Small base encoder: Only validated on BERT/RoBERTa-scale models; not scaled to large language models like LLaMA.
Subset sampling evaluation: For cost reasons, comprehensibility evaluation is conducted only on a subset of samples.
Generative tasks unexplored: Only validated on classification tasks; applicability to generative/QA tasks remains unknown.

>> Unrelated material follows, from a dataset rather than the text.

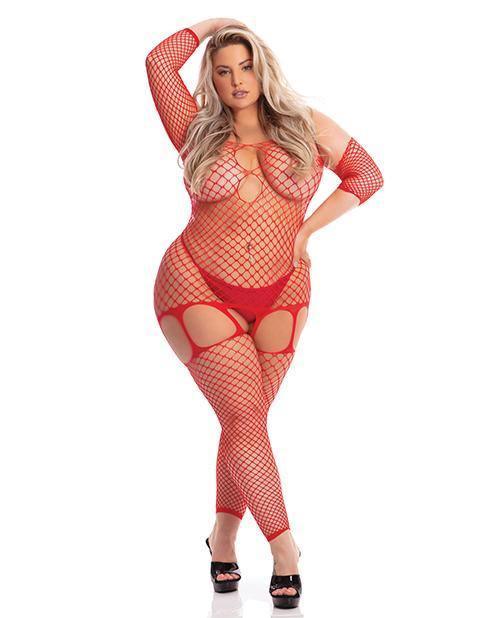 image of product,Pink Lipstick In My Head Net Bodystocking - SEXYEONE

BotCL (Wang et al., 2023) and CCTs (Hong et al., 2024) use slot attention for concept explainability in computer vision, which this work directly extends to the text domain.
The automated neuron explanation method of Bills et al. (2023) inspired the design of the comprehensibility metrics in this paper.
CBM (Koh et al., 2020) is the classic framework for Concept Bottleneck Models.
Insight: The "comprehensibility evaluator" utilizing LLMs as human proxies can be extended to more explainability scenarios.

Rating¶

Dimension	Score (1-5)	Explanation
Novelty	4.5	LLM-in-the-loop comprehensibility optimization + slot attention transfer to text, which is highly novel.
Experimental Thoroughness	4.5	7 datasets + 3 types of human evaluations + thorough ablation study.
Writing Quality	4	Clear structure with detailed methodology and analysis.
Value	4	Provides a practical and principled solution for unsupervised concept explainability.